Initial PFA trials report high acute PVI success rates (over 95%) and promising short-term durability. The PULSED AF trial using a circular PFA catheter demonstrated 100% acute PVI success with a 1-year freedom from paroxysmal and persistent AF/atrial tachycardia of 66.2% and 55.1%, respectively, without major safety concerns.35 The ADVENT trial is a randomised pivotal study comparing PFA using a pentaspline ablation catheter with traditional thermal ablation: PFA was non-inferior for efficacy and safety at 1 year.36 The inspIRE trial reported high rates of durable PVI (97% reconnection free at remapping) and low adverse event rates with a loop circular PFA catheter for PVI.37 The IMPULSE and PEFCAT trials were early feasibility trials investigating a pentaspline PFA catheter with promising long-term success.11,38

Most recently, the randomised SINGLE SHOT CHAMPION trial demonstrated that PFA was non-inferior (and even marginally superior) to cryoballoon ablation with respect to the incidence of a first recurrence of atrial tachyarrhythmia, as assessed by continuous rhythm monitoring in patients with paroxysmal AF. In that trial, the operators were required to have a minimum of 6 months of experience using the pentaspline PFA catheter, in contrast to the ADVENT trial, in which almost all of the operators were new to the use of the pentaspline PFA catheter.39

However, remapping studies highlight different degrees of pulmonary vein reconnections, often correlating with anatomical challenges or inadequate energy delivery due to suboptimal electrode–tissue contact.40–42

Histopathological Evolution of Pulsed Field Ablation Lesions

Histological studies at chronic time points (30–90 days) in animals show complete myocardial cell death, minimal inflammatory response compared with RF lesions, and fibrotic tissue replacement with preserved extracellular matrix architecture.5,43–45 These findings suggest reduced inflammation, less scar burden, and potentially lower arrhythmogenic potential. However, matrix preservation could theoretically allow for micro-recovery of conduction in some regions if incomplete electroporation occurs.24

There are no reports of adverse events regarding the oesophagus after endocardial PFA in the preclinical and/or clinical arena thus far. Based on the preservation of tissue scaffolding with PFA and the consistent pattern of healing seen in preclinical testing, it appears that the risk of severe oesophageal complications such as fistula is likely to be very low to none with current-generation PFA catheters.46

Challenges and Controversies

Despite all of the recent developments and successes, some challenges remain. Some tissues exhibit reversible electroporation, leading to stunned but viable myocardium after ablation.47 At present there is no solution to this so-called transient electrophysiological silence. Irregular geometry, complex atrial substrates, epicardial fat and fibrosis may create inhomogeneous fields.6,8,48 No consensus currently exists on ideal pulse number, voltage or inter-pulse interval for maximising chronic lesion durability. Ultra-selective energy delivery may limit atrial wall penetration, risking non-transmural lesions in thicker regions.49,50 With increasing field strength, the risk of non-selective tissue damage will also increase: the depth versus selectivity paradox.

Future Directions

Multicentre trials are needed to establish optimal dosing strategies and possibly the standardisation of PFA protocols. More advanced imaging techniques are needed. Possibly, MRI-based scar assessment after PFA could non-invasively track lesion maturation.51–53 Long-term durability studies extending beyond 2–3 years are necessary to gain a better understanding of clinical endpoints.
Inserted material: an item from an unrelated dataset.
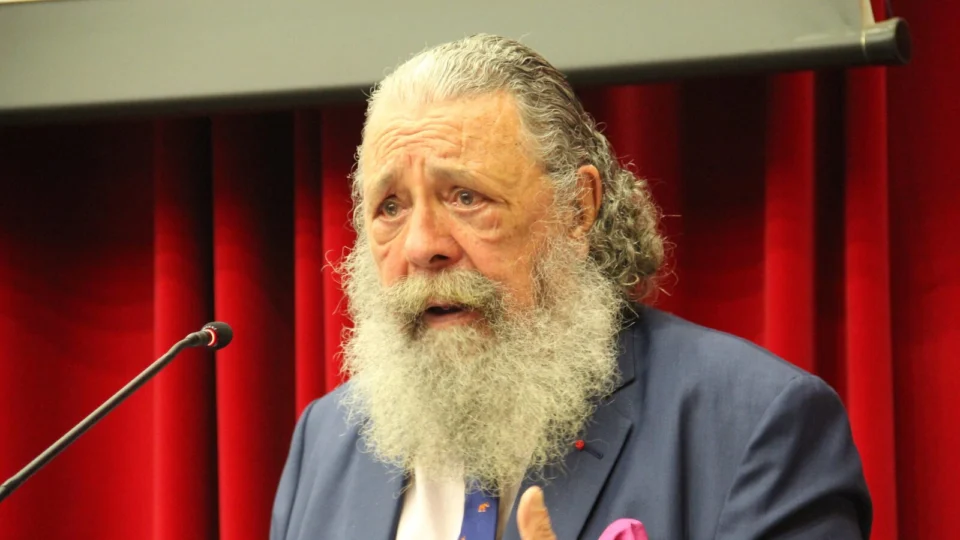 Eros Grau, em foto de 2019: críticas à atuação do STF.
Combining electroporation with thermal ablation modalities could enhance lesion permanence.54,55 Next-generation catheters and/or generators capable of dynamic energy modulation based on real-time feedback could possibly address field inhomogeneity.

Conclusion

PFA holds immense promise for safer, more selective myocardial ablation. While early preclinical and clinical results suggest durable lesions with favourable safety profiles, rigorous long-term studies are essential to fully understand the lesion biology and optimise procedural parameters, solidifying PFA’s role relative to traditional thermal approaches.

Clinical Perspective

  • Pulsed field ablation (PFA) offers myocardial-selective ablation with reduced risk to adjacent structures, representing a transformative approach in AF therapy.
  • While acute pulmonary vein isolation success rates with PFA are high, lesion durability over time can be affected by subthreshold electroporation and anatomical variability.
  • The occurrence of reversible electroporation highlights the importance of optimised energy dosing, waveform selection and consistent catheter–tissue contact to ensure irreversible cell death.
  • Biphasic pulse waveforms, catheter design and synchronisation with the cardiac cycle contribute to more uniform lesion formation and chronic durability.
  • Long-term safety data are reassuring, with no reported oesophageal complications to date, supporting the favourable safety profile of current-generation PFA systems.
  • Future efforts should focus on standardised dosing protocols, real-time lesion assessment and extended follow-up to validate durable outcomes in diverse patient populations.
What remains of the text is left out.